In our development workflow we build images, push them to a registry, and then deploy services from them in a staging cluster. The workflow is severely bogged down by huge sizes of image pushes, because layers built from the exact same codebase on different workstations tend to end up having different hashes. We do understand how docker works (i.e. one bit changes, the layer changes; a layer changes, all subsequent layers also change), but we still believe that there is a lot of layer invalidation going on that isn't explainable by anything we do to our codebase or dependencies, and is exclusively due to the builds being performed on different machines. Our builds aren't terribly platform dependent in principle (we don't compile anything to machine code), and the machines are all x86_64 linux boxes anyway.

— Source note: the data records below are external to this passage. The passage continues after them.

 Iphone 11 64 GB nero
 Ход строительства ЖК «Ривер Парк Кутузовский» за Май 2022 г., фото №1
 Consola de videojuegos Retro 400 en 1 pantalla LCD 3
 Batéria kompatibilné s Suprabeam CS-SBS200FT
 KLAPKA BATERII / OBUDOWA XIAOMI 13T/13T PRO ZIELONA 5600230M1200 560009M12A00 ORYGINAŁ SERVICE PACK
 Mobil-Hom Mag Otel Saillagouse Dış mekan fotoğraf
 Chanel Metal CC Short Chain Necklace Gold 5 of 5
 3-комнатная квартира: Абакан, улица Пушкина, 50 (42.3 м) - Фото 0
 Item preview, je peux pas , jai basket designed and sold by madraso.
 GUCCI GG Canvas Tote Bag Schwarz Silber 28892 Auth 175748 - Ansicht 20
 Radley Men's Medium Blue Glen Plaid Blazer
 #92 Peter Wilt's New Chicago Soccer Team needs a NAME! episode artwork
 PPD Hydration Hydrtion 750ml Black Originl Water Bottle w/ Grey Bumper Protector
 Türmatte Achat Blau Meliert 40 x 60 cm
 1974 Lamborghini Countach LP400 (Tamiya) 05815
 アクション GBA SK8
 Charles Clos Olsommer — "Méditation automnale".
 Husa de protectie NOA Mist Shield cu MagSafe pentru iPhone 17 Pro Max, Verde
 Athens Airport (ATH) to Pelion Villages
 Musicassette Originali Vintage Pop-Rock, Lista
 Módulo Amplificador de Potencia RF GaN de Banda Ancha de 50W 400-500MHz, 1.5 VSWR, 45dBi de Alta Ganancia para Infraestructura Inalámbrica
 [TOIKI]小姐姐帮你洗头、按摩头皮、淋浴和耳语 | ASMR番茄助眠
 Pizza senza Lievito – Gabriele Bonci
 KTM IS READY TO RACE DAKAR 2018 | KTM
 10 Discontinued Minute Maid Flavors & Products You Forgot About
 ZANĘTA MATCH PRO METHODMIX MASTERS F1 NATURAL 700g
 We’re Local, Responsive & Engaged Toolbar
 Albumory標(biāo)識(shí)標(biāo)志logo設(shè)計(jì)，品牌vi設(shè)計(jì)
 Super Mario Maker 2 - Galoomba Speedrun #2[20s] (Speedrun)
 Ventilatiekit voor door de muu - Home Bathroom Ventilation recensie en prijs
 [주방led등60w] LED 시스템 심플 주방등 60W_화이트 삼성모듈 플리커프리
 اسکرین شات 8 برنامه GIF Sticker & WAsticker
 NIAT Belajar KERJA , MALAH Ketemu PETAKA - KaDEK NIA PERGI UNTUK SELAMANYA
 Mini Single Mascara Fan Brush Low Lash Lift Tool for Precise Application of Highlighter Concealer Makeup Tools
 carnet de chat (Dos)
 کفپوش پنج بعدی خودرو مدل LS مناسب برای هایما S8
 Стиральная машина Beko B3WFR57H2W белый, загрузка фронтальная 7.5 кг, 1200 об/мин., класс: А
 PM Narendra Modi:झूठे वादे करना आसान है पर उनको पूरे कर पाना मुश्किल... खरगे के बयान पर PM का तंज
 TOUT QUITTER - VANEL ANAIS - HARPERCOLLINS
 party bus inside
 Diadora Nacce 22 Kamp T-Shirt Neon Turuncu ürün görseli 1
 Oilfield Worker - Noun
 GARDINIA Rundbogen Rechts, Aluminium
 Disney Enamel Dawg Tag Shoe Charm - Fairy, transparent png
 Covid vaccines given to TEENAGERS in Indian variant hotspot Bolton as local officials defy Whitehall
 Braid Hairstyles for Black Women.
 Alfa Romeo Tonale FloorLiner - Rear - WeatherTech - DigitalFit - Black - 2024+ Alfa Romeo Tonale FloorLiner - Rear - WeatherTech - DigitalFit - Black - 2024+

What are the tools, strategies and best practices that would help us debug why this is happening and possibly alleviate the situation?
(Important: one known best practice that we currently absolutely cannot afford is moving the build process to a single dedicated machine, possibly in the cloud. Please don't suggest this solution).
You can use a tool such as Dive (https://github.com/wagoodman/dive/) in order to inspect the layers.
Apart from that - can't help much unless I see the Dockerfiles.
Good practice for me - use Docker inside Docker in order to build your images. Usually a similar flow could suffice:
The general idea is to always start on a "clean plate" and once you're done - destroy "the plate" and repeat for the next build.